It was my first night teaching at this particular school. I had only been there two previous times for interviews and paperwork, and did not recognize anybody on this particular evening.

“Yes, can you tell me where room 302B is located?” I asked.

“Sure”, she happily replied. “Can you tell me what class you’re in, and I can look it up by your teacher’s name to make sure you’re going to the right place?”

Such is the life of an adjunct. I’m used to it. In fact, I’ve come to expect it. I chose this life, after all. That doesn’t always make it easy to deal with, however. Making your living as an Adjunct by Choice has many rewards and challenges.

Among those challenges is actually getting to know the permanent staff and faculty at the school where you’re teaching. In this particular “institute of higher learning,” I had only met two people: the Dean and the Department Chair. Everyone else was a stranger. In addition to knowing virtually no one, I wasn’t given anything to indicate that was an actual employee of the school. I’m sure my suit and tie was a pretty good indicator that I worked there, but doing exactly what was anyone’s guess.
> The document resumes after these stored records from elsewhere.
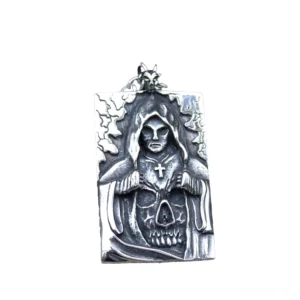 Sensenmann Totenkopf Kreuz Anhänger mit reliefiierter kapuzentragender Todesfigur und zentralem Kreuzemblem in Vintage-Silber Edelstahl, Vorderansicht im flachen Stil für optimale Details-Sichtbarkeit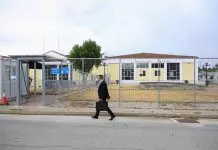 Δίκη Τεμπών: «Άκουσα την κόρη μου να αργοπεθαίνει» – Ο πατέρας της Φραντζέσκας Μπέζα έδειξε φωτογραφία της στους κατηγορουμένους Δίκη Τεμπών: «Άκουσα την κόρη μου να αργοπεθαίνει» – Ο πατέρας της Φραντζέσκας Μπέζα έδειξε φωτογραφία της στους…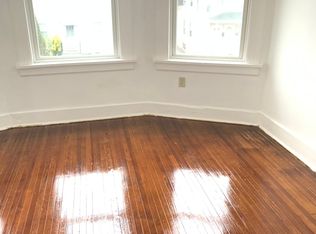 250 6th St #1, Bridgeport, CT 06607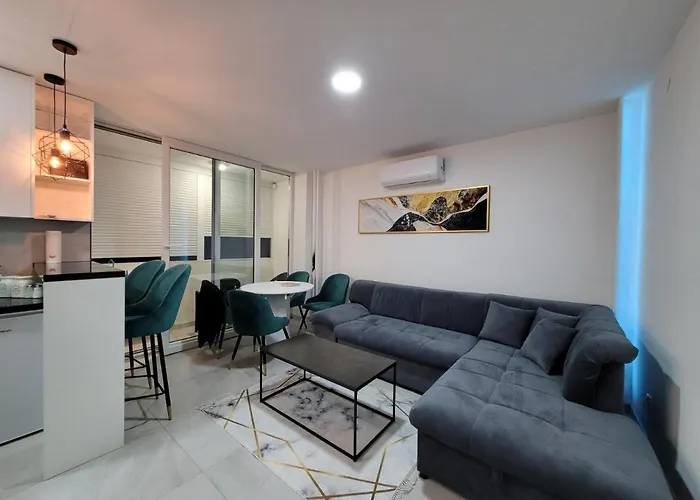 Stan M&s, Boulevard-centar Grada Apartman *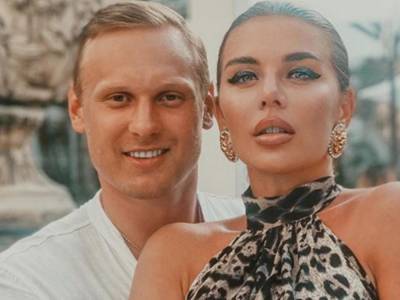 «В эротическом белье и чулках»: Седокова взбудоражила Сеть свадебным снимком с мужем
The first couple of weeks went by pretty well. I taught the class and enjoyed it very much. Occasionally someone would greet me in the hall or in the instructor’s lounge. Soon, I began feeling invisible. It was like I had just graduated with my Bachelor’s degree, and been given a job in the mailroom. I felt a wave of frustration starting to wash over me, and knew that I had to do something to make sure people, other than my boss and the students in the class room, knew that yes, I actually worked there!

In the world of part-timers and adjuncts, you must be proactive in getting noticed by those you work with. Not one to be extremely extroverted, I teach Criminal Justice and Criminology after all, not Public Speaking, I took it upon myself to make my presence known. I went out of my way to introduce myself to other staff in the instructor areas and in the hallways. I went to ‘optional’ meetings for adjuncts to meet other staff and faculty. I responded to group emails seeking suggestions or input on various topics.

Yes, it was painful at times. I’m fine standing up in a large group of students. I was great talking to criminals as a probation officer. But I found it difficult at first to actively approach those I didn’t know to simply introduce myself. So many adjuncts I see simply come in, teach, and leave. Many times, I’ve seen new adjuncts walking with their heads down and making a beeline for their classroom as if they’re trying to avoid some great confrontation. Now that I think about it, maybe they are.

I was like that at first. Come in. Speak with the Chair if he was available. Teach. Leave. However, the awkwardness of seeing the same people every time without speaking soon overrode any trepidation I had about introducing myself to people. I finally realized that they weren’t going to say anything, so somebody had to!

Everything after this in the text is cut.